Auf der Rückfahrt beschließen wir noch Lebensmittel zu kaufen, da es noch Platz im Wagen gibt. Aus Kaufland und Lidl gehen nun mehrere Konservensorten, Croissants, Nudeln, Tee und Desserts mit in die Ukraine. Wiederum danke ich in Gedanken zwei Damen aus Berlin, P. S. und D. K. für ihre großzügigen Beträge, die auf meine Karte direkt überwiesen wurden. Als wir im Studentendorf, wo die Lebensmittel ausgeladen werden, ankommen, ist es schon dunkel, draußen sitzen einige Bewohnerinnen und Bewohner, es ist ein warmer Abend und noch keine Ausgangssperre. Einige helfen mit. Auch eine besondere Helferin möchte sich an dem Prozess beteiligen, ein acht- oder neunjähriges Mädchen. "Sonja, es sind schwere Kisten, nichts für dich", sagt ihre Mutter, die ebenfalls mit anpackt.
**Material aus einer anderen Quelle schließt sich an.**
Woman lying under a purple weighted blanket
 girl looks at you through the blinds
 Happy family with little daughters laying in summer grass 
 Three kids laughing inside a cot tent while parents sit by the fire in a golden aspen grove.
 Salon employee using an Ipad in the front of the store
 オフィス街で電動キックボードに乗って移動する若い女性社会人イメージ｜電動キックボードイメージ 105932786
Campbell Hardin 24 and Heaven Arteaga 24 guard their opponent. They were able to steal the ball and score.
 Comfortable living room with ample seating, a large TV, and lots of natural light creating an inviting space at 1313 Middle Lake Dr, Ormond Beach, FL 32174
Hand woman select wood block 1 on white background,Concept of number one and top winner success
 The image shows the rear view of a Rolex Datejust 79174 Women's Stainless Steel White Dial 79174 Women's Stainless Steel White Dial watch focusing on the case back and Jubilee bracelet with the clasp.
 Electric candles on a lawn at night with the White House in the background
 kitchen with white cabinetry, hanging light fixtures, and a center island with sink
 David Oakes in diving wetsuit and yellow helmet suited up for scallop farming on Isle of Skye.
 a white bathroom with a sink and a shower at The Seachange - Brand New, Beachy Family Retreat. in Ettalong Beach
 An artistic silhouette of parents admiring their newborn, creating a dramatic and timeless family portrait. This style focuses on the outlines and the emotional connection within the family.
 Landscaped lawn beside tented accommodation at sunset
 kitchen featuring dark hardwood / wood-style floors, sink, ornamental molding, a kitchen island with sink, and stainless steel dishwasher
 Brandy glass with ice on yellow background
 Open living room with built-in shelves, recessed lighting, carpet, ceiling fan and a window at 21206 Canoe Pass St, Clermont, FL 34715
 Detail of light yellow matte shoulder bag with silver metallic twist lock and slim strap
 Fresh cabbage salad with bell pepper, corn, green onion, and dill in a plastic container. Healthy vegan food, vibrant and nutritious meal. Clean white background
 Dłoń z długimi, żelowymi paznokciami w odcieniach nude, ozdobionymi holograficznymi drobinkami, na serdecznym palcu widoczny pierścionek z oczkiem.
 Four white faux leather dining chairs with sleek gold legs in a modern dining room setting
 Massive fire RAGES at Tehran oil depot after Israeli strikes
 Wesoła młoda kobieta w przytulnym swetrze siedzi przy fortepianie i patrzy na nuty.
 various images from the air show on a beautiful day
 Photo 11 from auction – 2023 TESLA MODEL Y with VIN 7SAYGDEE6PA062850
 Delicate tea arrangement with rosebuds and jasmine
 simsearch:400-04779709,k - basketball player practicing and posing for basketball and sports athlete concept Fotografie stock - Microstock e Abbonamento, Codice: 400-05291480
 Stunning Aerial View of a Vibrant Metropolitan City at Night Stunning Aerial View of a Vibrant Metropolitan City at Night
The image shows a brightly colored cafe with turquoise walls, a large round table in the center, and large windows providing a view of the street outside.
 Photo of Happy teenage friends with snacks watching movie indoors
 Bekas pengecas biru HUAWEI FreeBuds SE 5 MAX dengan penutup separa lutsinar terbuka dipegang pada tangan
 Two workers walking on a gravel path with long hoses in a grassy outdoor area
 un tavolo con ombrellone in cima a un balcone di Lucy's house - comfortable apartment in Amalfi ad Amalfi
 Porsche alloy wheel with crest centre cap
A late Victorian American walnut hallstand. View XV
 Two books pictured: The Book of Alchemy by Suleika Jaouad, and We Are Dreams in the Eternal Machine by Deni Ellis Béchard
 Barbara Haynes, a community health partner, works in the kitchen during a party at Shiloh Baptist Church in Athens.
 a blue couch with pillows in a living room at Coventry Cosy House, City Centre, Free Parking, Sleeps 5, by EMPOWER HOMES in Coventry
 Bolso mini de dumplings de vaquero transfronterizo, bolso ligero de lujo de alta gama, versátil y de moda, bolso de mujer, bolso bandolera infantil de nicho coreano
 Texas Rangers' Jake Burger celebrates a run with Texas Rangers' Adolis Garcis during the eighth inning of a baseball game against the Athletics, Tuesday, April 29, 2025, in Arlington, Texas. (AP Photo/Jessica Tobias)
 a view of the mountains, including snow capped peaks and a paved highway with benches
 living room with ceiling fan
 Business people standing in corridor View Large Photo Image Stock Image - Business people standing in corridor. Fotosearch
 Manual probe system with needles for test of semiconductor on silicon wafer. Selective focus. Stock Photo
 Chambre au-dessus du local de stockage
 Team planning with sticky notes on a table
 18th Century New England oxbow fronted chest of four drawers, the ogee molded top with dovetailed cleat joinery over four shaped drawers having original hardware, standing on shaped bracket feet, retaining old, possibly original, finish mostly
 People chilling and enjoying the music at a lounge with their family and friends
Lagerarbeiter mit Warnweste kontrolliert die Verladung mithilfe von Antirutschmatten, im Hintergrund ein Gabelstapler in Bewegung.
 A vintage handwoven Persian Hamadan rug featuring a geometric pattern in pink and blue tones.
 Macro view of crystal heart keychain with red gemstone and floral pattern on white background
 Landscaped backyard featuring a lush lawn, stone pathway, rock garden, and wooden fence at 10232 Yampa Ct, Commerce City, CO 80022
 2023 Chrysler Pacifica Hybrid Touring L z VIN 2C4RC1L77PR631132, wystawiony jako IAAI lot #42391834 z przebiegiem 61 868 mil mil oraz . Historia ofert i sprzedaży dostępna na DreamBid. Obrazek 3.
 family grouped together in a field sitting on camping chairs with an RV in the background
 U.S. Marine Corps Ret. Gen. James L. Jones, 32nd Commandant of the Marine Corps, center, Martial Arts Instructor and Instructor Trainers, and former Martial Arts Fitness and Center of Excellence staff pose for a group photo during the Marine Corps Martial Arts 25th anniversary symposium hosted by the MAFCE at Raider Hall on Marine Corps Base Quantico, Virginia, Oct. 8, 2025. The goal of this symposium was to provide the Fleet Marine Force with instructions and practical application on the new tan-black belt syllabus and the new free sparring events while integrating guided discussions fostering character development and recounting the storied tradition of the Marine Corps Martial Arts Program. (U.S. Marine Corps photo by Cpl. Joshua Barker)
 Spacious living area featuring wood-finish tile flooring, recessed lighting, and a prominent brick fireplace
Mir fällt ein, dass wir doch etwas haben, was sie tragen könnte, nämlich die kleinen Kartons mit Tee. Alle vier oder fünf werden vom Fahrer dann ihr übergeben. Wir sind schnell fertig, ich frage Sonja, welches Dessert sie möchte, Vanille oder Schokolade. "Vanille", sagt, "nein, lieber doch Schokolade". Also doch die Schokolade und danke, liebe Sonja.